▼
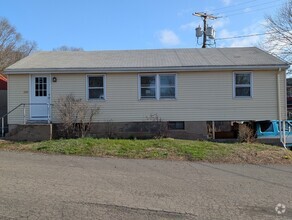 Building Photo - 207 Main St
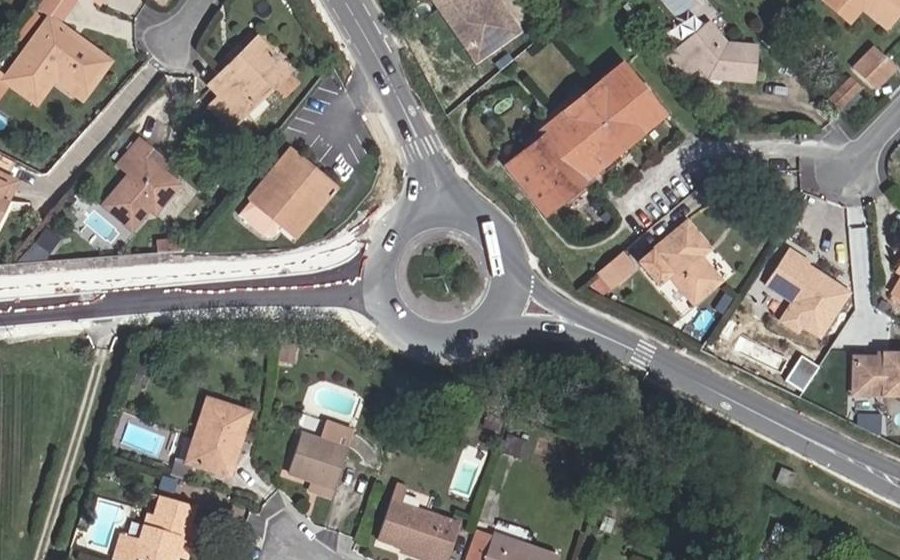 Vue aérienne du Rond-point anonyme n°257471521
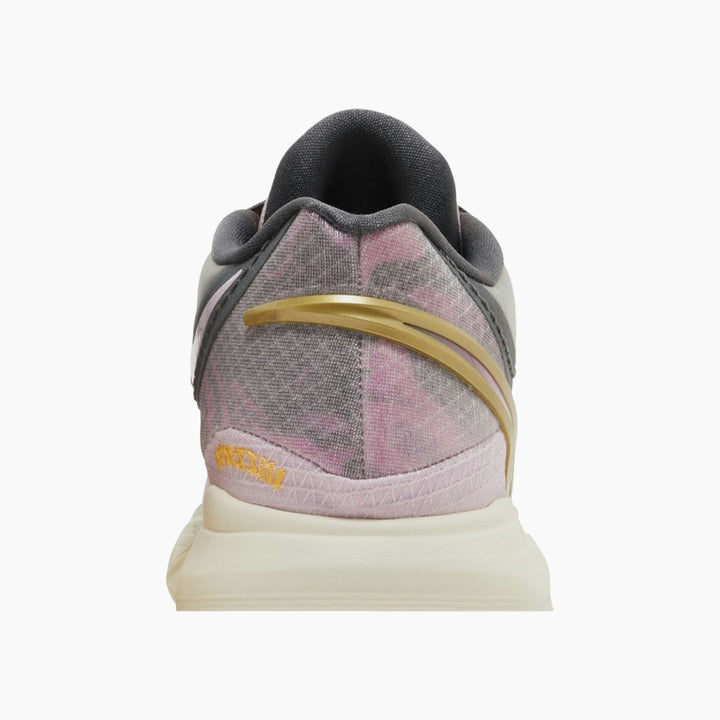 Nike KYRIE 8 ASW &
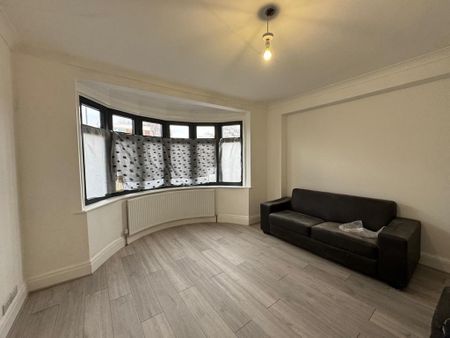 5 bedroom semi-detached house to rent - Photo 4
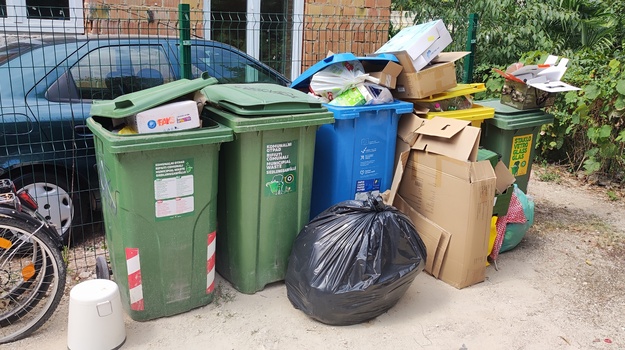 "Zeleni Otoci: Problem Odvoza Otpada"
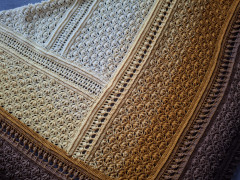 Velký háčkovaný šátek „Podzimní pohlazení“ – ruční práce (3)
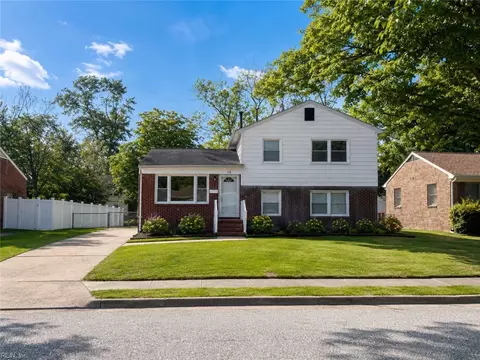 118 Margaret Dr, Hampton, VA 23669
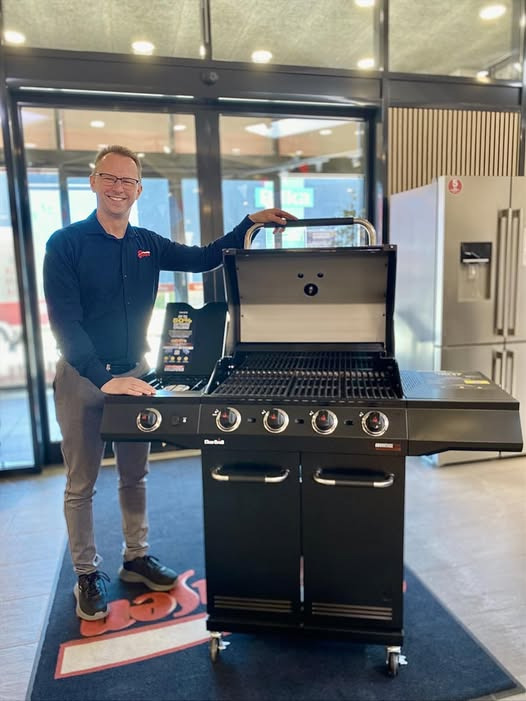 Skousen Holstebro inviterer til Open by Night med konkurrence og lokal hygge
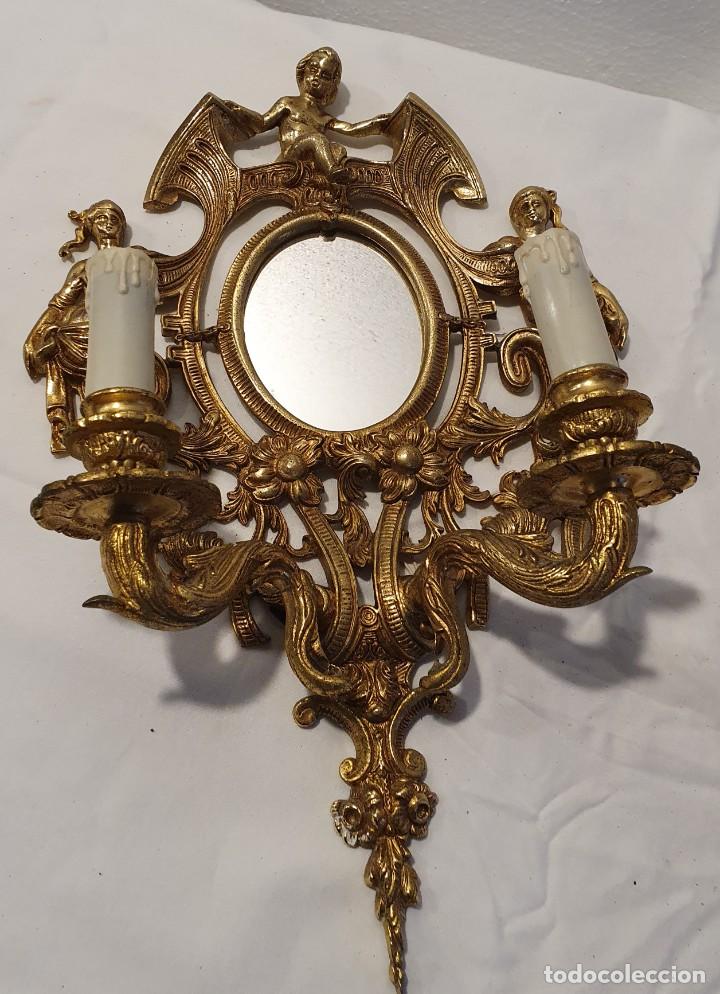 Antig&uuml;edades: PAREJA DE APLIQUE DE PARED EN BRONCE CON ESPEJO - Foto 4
▲
The expected output is the full material above, word for word, without pictures.

 Building Photo - 207 Main St
 Vue aérienne du Rond-point anonyme n°257471521
 Nike KYRIE 8 ASW &
 5 bedroom semi-detached house to rent - Photo 4
 "Zeleni Otoci: Problem Odvoza Otpada"
 Velký háčkovaný šátek „Podzimní pohlazení“ – ruční práce (3)
 118 Margaret Dr, Hampton, VA 23669
 Skousen Holstebro inviterer til Open by Night med konkurrence og lokal hygge
 Antig&uuml;edades: PAREJA DE APLIQUE DE PARED EN BRONCE CON ESPEJO - Foto 4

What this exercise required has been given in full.